Notai, operazione trasparenza con l’«anagrafe degli studi» 

da Il Sole 24 ore del 20.11.99

ROMA — Una "carta dei servizi" per informare il cliente su tutte le prestazioni che il notaio è in grado di offrire, e una "anagrafe del notariato", gestita dai Consigli provinciali, con le informazioni-chiave sull’attività svolta e la struttura organizzativa dei singoli studi. Sono questi i due jolly giocati dalla Federnotai, l’associazione di categoria che raccoglie oltre il 50% dei 4.500 iscritti all’Ordine, per rilanciare la sfida della qualità nell’esercizio della professione. L’ambizioso obiettivo è stato al centro del quarto congresso nazionale del sindacato, svoltosi ieri a Roma con la partecipazione di una nutrita schiera di delegati, accademici e giuristi. E i risultati del confronto hanno portato un contributo concreto al dibattito in corso nel mondo delle libere professioni.

«Non è più sufficiente parlare in astratto di qualità», ha affermato la presidente della Federnotai, Grazia Prevete. «Troppo spesso le considerazioni che si fanno su questa materia sono ispirate a criteri validi per le imprese, ma non tagliati su misura per un’attività professionale quale la nostra. Abbiamo, quindi, posto l’esigenza che la qualità sia misurabile e verificabile, in modo da fare anche un passo avanti sulla strada della trasparenza nei rapporti con il cittadino».

Come si possono tradurre in pratica questi princìpi? La ricetta proposta dalla Federnotai parte dalla considerazione che, come ha spiegato Giuseppe Di Transo, la qualità professionale non è sufficientemente garantita dall’ordinamento vigente, che risale al 1913. «Il notaio che rispetti fedelmente la legge notarile — ha detto Di Transo — non necessariamente effettua prestazioni di alta qualità: la legge, infatti, si focalizza sul momento dell’atto, senza nulla dire sul prima e sul dopo, e dicendo ben poco sul come. Del tutto insoddisfacenti, poi, sono i controlli, che in pratica perseguono soltanto irregolarità formali».

Dai lavori congressuali è quindi emersa l’esigenza di separare due livelli di prestazione: la qualità "minima", misurabile con procedure standard e riferita a quell’insieme di competenze cui tutti i notai sono tenuti per legge, e la qualità "aggiuntiva", che si deve a particolari capacità e specializzazioni del singolo notaio.

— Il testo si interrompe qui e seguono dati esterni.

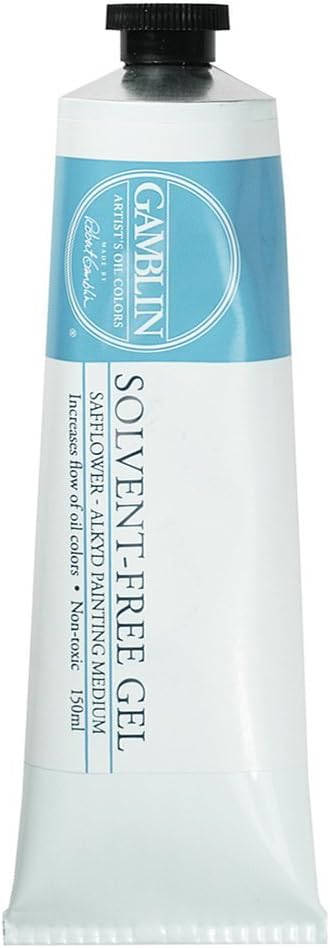 Gamblin Solvent Free Gel Medium Oil 150Ml...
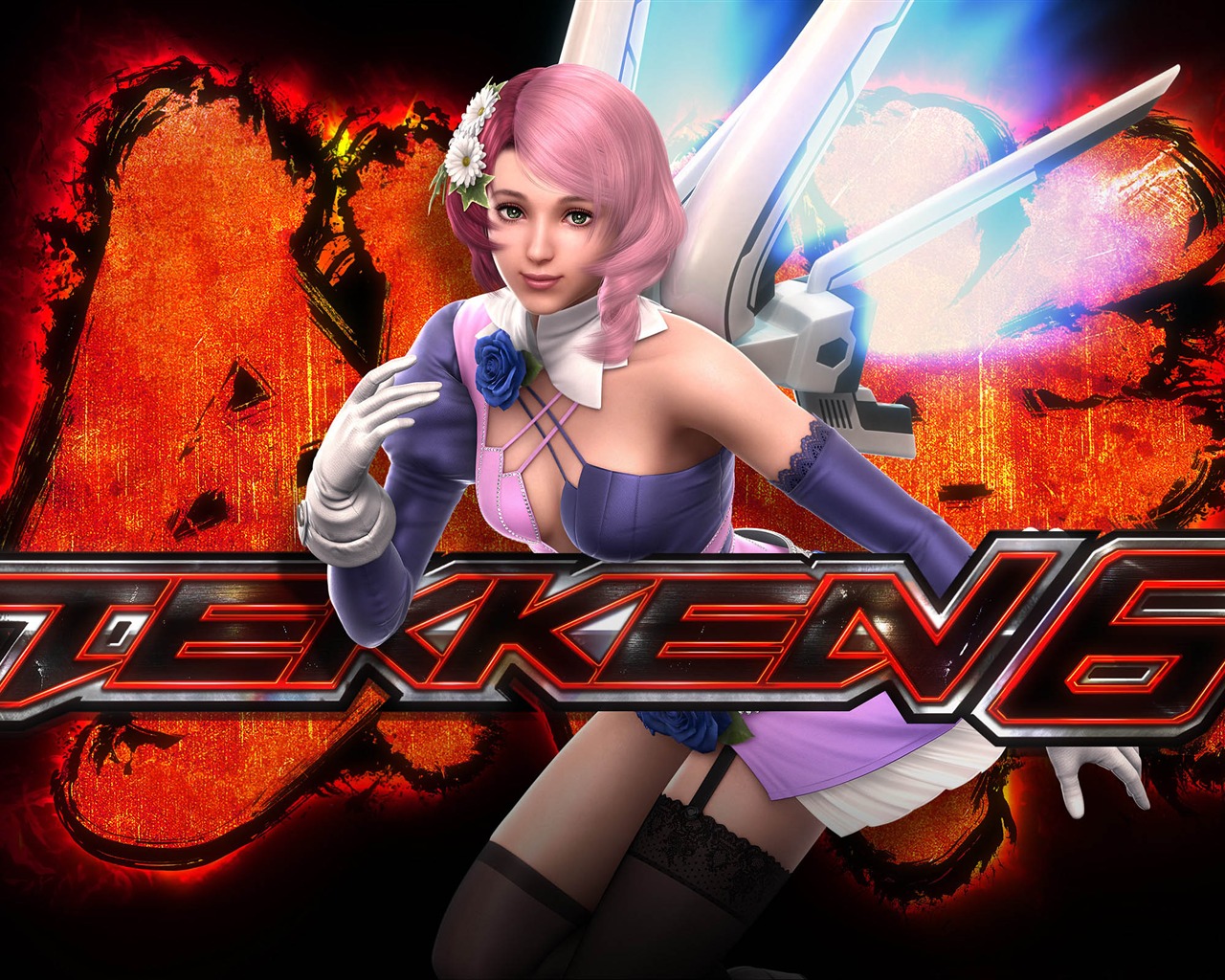 Tekken álbum de fondo de pantalla (4) #29 - 1280x1024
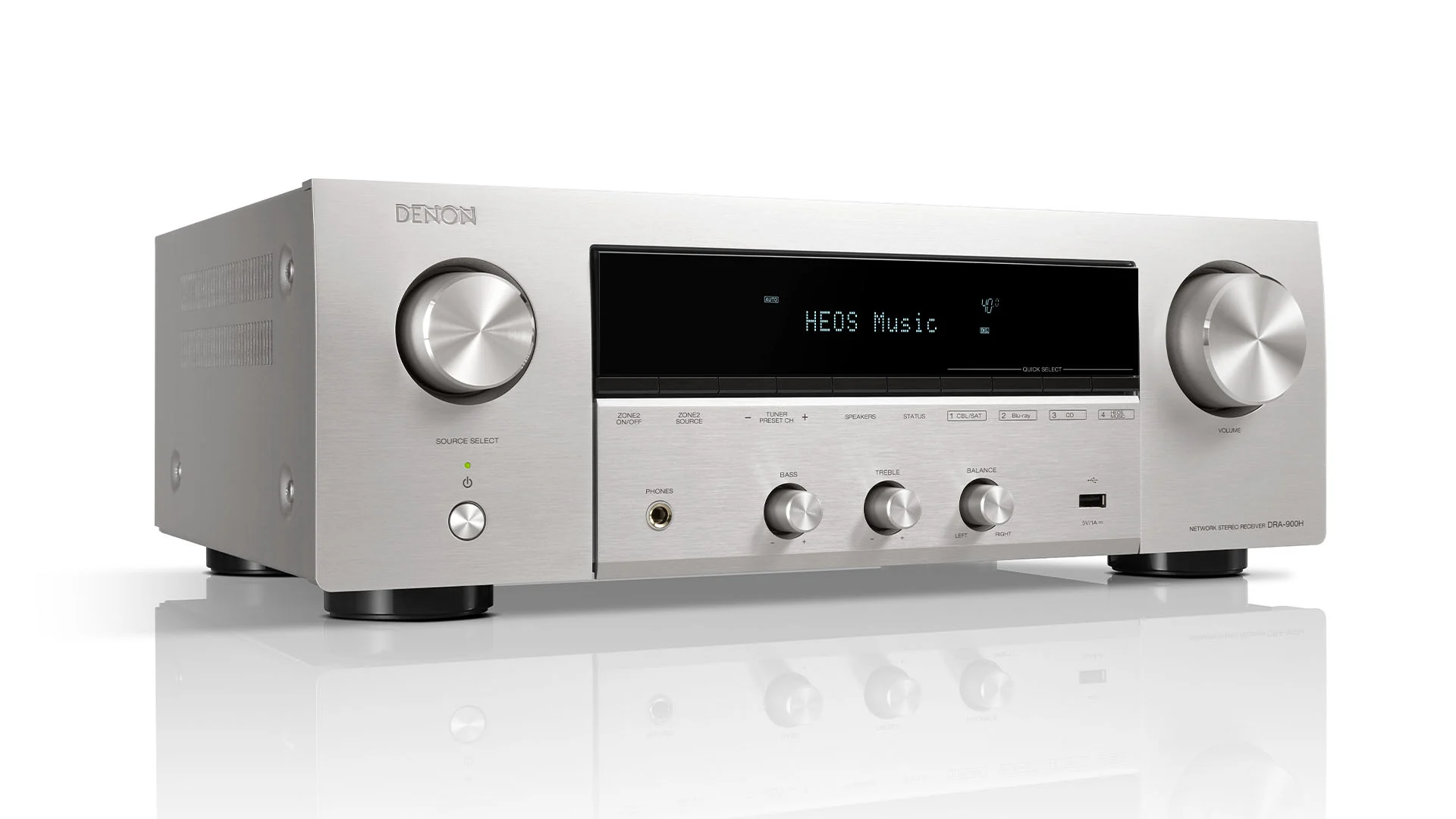 Стереоресиверы Denon DRA-900H silver, цвет серебристый - фото 6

Questi livelli sono stati finora misurati solo dall’interno, su base individuale, mentre, secondo l’associazione del notariato, è tempo di fissare criteri e metodologie omogenei per l’intero territorio nazionale.

Ha preso forma, così, l’idea dell’anagrafe del notariato, una banca dati contenente tutte le informazioni significative sulla gestione dello studio, dal numero di atti registrati ai tempi delle trascrizioni, dal personale dipendente alle dotazioni informatiche. Duplice l’utilizzo ipotizzato per il nuovo strumento. Sul piano interno, come ha spiegato Arrigo Roveda, i Consigli notarili potrebbero avviare un efficace controllo di qualità, basato sullo stimolo a seguire i comportamenti migliori piuttosto che sulla caccia agli errori: in altre parole, si passerebbe dalle verifiche ex post al vaglio preventivo, puntando al raggiungimento di livelli qualitativi sempre più elevati. Nei confronti dell’utente, invece, la pubblicità delle informazioni garantirebbe assoluta trasparenza. Verrebbe, inoltre, valorizzato il fattore concorrenza, al quale la Federnotai attribuisce un valore strategico, come ha sostenuto, fra gli altri, Remo Bassetti. Su un binario parallelo viaggia l’altra proposta, relativa alla "carta dei servizi", specificamente dedicata all’orientamento del cliente e concepita come una prima forma di pubblicità informativa.

Quanto, invece, alle nuove frontiere della professione, dal congresso sono emerse forti preoccupazioni per l’accentuazione della caratteristica pubblica della funzione notarile. La categoria, negli ultimi anni, ha ottenuto attribuzioni in materia di esecuzioni immobiliari, ha aderito all’appello per irrobustire i ranghi dei Goa (Giudici onorari aggregati) e, nel recente congresso nazionale di Catania, si è proposta per ulteriori competenze in materia di omologhe, separazioni consensuali e via dicendo. «Per non cadere nella sindrome di Figaro, cioè nella tentazione di fare tutto — hanno precisato la Prevete e Bassetti — il sì alle nuove competenze, che pure è un sì convinto, deve essere condizionato al fatto che i relativi ambiti entrino nella sfera privatistica, non viceversa. In altre parole non vogliamo diventare giudici, tanto meno di serie B, ma intendiamo valorizzare il nostro ruolo di professionisti».